Copy word for word, and only, the lines below from the one with "kitchen featuring premium" through the last.

DATA SHOWN:

○ ○ ○

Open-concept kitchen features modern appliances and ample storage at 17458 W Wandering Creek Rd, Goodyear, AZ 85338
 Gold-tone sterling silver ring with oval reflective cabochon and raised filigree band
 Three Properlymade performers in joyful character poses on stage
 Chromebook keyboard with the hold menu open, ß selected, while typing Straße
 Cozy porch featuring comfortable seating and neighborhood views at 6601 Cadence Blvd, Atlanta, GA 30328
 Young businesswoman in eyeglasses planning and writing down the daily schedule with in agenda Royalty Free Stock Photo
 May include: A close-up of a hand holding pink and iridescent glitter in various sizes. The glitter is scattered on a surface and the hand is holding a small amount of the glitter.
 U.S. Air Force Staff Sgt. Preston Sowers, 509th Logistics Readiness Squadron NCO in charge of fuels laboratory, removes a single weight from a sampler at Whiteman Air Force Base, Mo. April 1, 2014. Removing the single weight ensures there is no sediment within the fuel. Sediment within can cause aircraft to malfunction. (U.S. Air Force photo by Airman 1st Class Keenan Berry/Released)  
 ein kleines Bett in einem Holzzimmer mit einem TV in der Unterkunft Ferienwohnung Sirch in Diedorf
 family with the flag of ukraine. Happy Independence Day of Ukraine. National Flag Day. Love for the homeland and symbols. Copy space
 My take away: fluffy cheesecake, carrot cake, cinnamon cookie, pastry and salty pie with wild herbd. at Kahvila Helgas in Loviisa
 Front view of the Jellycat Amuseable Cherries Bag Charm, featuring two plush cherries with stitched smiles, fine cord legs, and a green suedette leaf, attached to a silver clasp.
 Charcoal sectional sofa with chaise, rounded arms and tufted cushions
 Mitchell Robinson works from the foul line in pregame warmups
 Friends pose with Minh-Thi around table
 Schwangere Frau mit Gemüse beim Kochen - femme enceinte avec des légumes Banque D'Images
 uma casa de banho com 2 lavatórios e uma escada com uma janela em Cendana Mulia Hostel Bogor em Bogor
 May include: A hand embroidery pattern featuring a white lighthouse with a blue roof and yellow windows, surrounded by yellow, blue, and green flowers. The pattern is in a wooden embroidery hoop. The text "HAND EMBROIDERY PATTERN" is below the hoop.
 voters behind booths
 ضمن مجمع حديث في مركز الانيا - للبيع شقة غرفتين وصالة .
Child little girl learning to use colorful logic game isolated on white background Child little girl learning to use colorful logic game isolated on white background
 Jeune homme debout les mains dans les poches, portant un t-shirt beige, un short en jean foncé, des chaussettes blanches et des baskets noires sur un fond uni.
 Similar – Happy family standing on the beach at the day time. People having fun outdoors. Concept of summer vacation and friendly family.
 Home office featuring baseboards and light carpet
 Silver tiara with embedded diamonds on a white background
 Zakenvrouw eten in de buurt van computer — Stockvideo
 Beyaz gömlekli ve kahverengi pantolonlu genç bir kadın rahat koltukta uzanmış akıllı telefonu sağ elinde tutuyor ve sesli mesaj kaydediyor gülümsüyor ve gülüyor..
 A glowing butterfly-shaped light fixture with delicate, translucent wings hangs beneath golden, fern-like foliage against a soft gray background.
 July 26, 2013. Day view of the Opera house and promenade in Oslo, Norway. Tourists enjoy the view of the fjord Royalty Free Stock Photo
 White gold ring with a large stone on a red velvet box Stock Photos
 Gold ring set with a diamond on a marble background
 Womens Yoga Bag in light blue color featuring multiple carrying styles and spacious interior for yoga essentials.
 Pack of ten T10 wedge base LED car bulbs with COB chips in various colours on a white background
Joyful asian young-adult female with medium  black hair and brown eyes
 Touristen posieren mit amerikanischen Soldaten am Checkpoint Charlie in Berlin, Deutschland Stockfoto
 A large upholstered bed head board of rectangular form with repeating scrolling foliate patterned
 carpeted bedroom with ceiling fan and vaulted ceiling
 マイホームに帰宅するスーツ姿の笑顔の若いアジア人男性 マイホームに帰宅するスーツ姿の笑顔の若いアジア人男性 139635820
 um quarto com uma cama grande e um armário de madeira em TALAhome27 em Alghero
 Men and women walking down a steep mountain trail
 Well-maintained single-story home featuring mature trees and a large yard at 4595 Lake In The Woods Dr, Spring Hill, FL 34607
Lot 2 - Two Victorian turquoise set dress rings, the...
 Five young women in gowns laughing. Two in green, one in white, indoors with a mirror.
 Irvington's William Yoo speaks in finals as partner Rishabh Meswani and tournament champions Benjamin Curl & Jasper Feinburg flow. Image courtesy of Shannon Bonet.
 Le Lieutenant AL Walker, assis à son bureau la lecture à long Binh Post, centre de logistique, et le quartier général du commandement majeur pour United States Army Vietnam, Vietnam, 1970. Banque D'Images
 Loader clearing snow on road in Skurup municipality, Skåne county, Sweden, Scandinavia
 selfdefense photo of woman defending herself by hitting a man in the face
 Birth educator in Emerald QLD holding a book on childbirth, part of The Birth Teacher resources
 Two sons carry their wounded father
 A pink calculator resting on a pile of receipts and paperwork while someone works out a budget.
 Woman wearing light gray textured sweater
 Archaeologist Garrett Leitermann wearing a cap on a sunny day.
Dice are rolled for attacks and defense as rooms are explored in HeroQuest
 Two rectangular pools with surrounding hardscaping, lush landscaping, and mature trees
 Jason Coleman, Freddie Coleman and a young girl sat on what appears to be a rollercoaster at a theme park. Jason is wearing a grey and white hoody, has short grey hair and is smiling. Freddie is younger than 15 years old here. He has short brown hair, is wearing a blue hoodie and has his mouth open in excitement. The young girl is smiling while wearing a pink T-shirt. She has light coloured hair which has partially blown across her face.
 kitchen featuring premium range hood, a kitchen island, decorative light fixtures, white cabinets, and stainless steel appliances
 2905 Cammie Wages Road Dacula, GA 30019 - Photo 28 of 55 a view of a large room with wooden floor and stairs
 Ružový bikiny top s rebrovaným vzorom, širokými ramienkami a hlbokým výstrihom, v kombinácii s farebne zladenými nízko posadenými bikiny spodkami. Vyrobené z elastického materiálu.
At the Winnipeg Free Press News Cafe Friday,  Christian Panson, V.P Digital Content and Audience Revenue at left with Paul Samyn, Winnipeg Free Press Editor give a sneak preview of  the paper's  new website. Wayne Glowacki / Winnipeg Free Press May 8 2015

○ ○ ○

SOLUTION:
 kitchen featuring premium range hood, a kitchen island, decorative light fixtures, white cabinets, and stainless steel appliances
 2905 Cammie Wages Road Dacula, GA 30019 - Photo 28 of 55 a view of a large room with wooden floor and stairs
 Ružový bikiny top s rebrovaným vzorom, širokými ramienkami a hlbokým výstrihom, v kombinácii s farebne zladenými nízko posadenými bikiny spodkami. Vyrobené z elastického materiálu.
At the Winnipeg Free Press News Cafe Friday,  Christian Panson, V.P Digital Content and Audience Revenue at left with Paul Samyn, Winnipeg Free Press Editor give a sneak preview of  the paper's  new website. Wayne Glowacki / Winnipeg Free Press May 8 2015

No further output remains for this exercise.